Bleep! Indian censors cut swear words from 'Gully Boy'
The female-directed movie premiered to great acclaim at the Berlin film festival.
MUMBAI (AFP) - Cinemagoers might expect a few swear words in a movie about rapping but not in India, where censors have cut several profanities from a taboo-breaking blockbuster -- while also toning down a screen kiss.
India’s Central Board of Film Certification (CBFC) has ordered filmmakers to remove every mention of three expletives from "Gully Boy", a drama about an aspiring hip-hop star from a Mumbai slum.
The body has a long history of cutting scenes and barring movies, including those deemed too racy or may cause religious offence, with filmmakers accusing censors of intolerance.
"Gully Boy" stars Bollywood icons Ranveer Singh and Alia Bhatt and is about a young couple yearning to break out of their traditional Muslim families to realise their dreams.
The female-directed movie premiered to great acclaim at the Berlin film festival at the weekend and hits screens across India on Thursday.
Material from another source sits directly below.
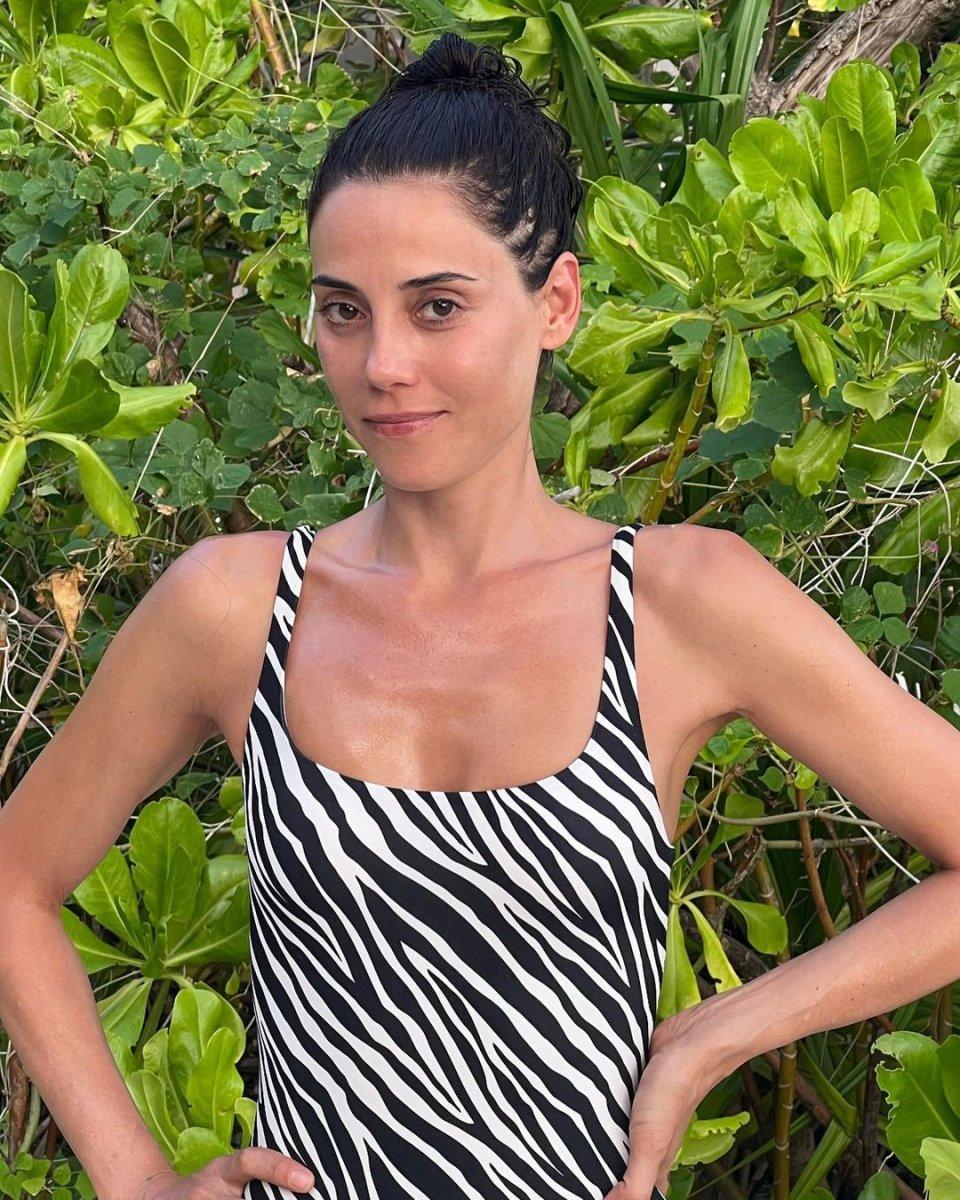 Cansu Dere, bikinisiyle poz verdi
According to a filing on its website, the CBFC granted "Gully Boy" a UA rating on the condition it replaced an English-language expletive and two Hindi slang terms "wherever (they) occurred".
UA stands for an unrestricted adult rating, which means parental guidance is required for children under 12 years old. Only films with that rating reach a mass audience.
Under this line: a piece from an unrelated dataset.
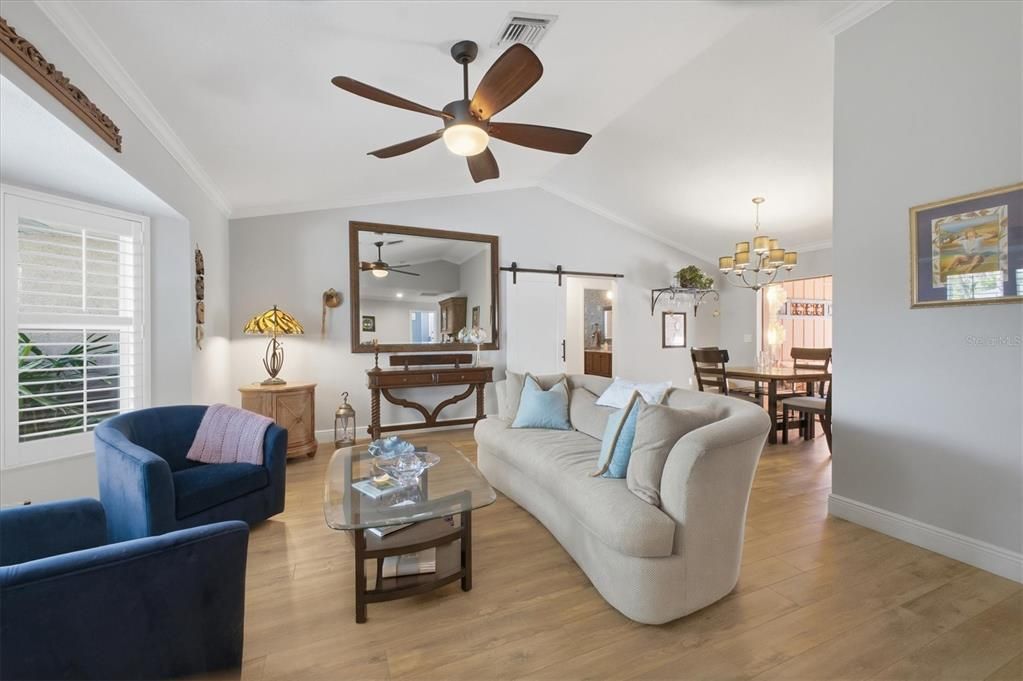 На продажу: $695,000 (3 спален, 2 ванн, 2034 Квадратных фут)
The CBFC also told the filmmakers to reduce the length of a "passionate kissing scene" and replace it with a wider shot.
"We made some minor changes," Ritesh Sidhwani, the film’s producer, told AFP, adding that the songs in the movie were "intact".
Singh, 33, stars as Murad who is turning the squalor and tension of his home life into poetry until a popular local rapper convinces him to try hip-hop.
Bhatt, 25, plays Safeena, who wears a traditional Muslim headscarf but resists her family’s attempts to arrange her marriage and wants to become a surgeon.
The pair have loved each other since childhood but have to keep their relationship secret from their parents so they meet for illicit trysts.
The movie is inspired in part by Mumbai hip-hop stars Divine and Naezy and sees Singh doing his own rapping.
In 2015 the CBFC reduced the length of two kissing scenes in James Bond movie "Spectre".
That same year it blocked the release of "Fifty Shades of Grey" in India, despite being shown a toned-down version of the erotic movie.